Bana bıraksalar bütün mevsimleri ya Eylül başına ya Nisan sonuna sabitlerim. Hatta 6 ay Eylül, 6 ay Nisan olsun.

Peki şimdi
sonbahar geldi mi gelmedi mi?

Bu bir sorunsal. Çünkü yanıtı muallak. Daha doğrusu cemrelerle, mevsim çizelgeleriyle yeterince iyi açıklayamıyoruz biz bu kavramı. "Ağustos" demek, "Eylül" demek yetmiyor mevsim geçişini tarif etmekte. Biz Ağustos için yazın bitişi deriz ama esasen hissettiğimiz aylaklık vakitlerinin son bulduğudur. Yeni bir senenin başlıyor oluşuna hayıflanırız. Öyle ya ne güzel tatil yapıyorduk. Yoksa bedenen ve ruhen yeni mevsimin renklerini soluklarımıza yedirdiğimizden değil bu duygusal değişim. Yeni bir mevsimin farkına varışımızdan değil.
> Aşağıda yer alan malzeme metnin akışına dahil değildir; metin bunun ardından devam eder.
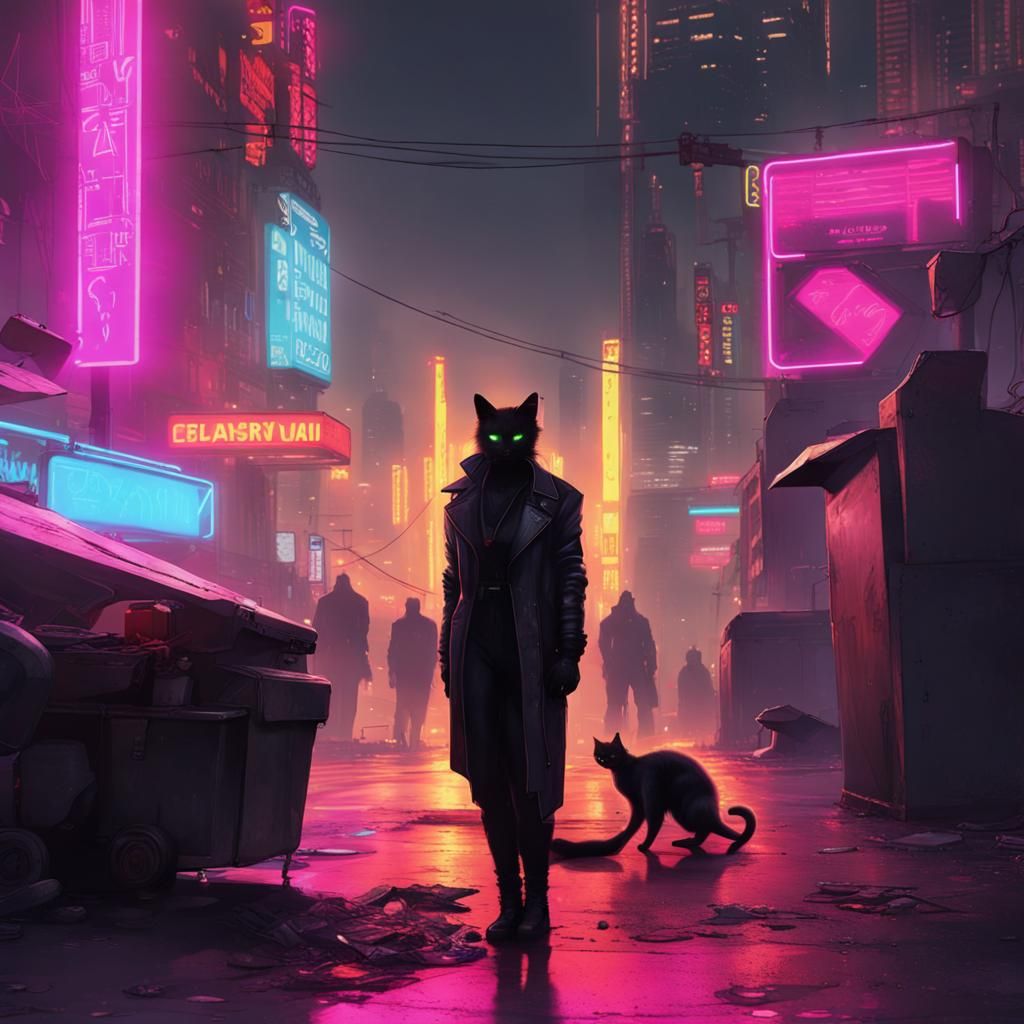 Black Cat in Neon City Alley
Bayıla bayıla kavun-karpuz yediğimiz günler geride kaldı mı? İşte sana bir işaret. Canın dün sabah karpuz çekerken, bu akşam sert bir elmanın dişlerinden süzülen suyunu arzuluyorsa,

Akşamları kendinle başbaşa kaldığında, o anki planına eşlik etsin diye, abur cubur yerine sıcak bir bitki çayı ya da sıcacık bir kahve içmeyi planlıyorsan,

Dün Kordon'da şortla gezerken, bugün evin içindeyken bile pijama giymek arzusundaysan,

Dağınık odandaki rastgele atılmış çorap sayısında, gözle görülür bir artış yaşandıysa,

Arkadaşlarınla buluşmak için sözleşeceğinde, bir önceki buluşmadan daha erken bir saat teklif ettiysen,

Gece burnuna, açık pencerenden uzaklara yağmış bir rahmetin cânım kokuları geliyorsa,

Odanın penceresini yandan değil de üstten açmaya başladıysan,

Dün denize gitmek isterken, bugün yorgana sarılıp uyumak çok daha eğlenceli bir düş haline geldiyse,

Artık sonbahar fiilen gelmiş demektir. Bize de güze hoşgeldin demek düşer. Bir de üstümüze bir şeyler almak.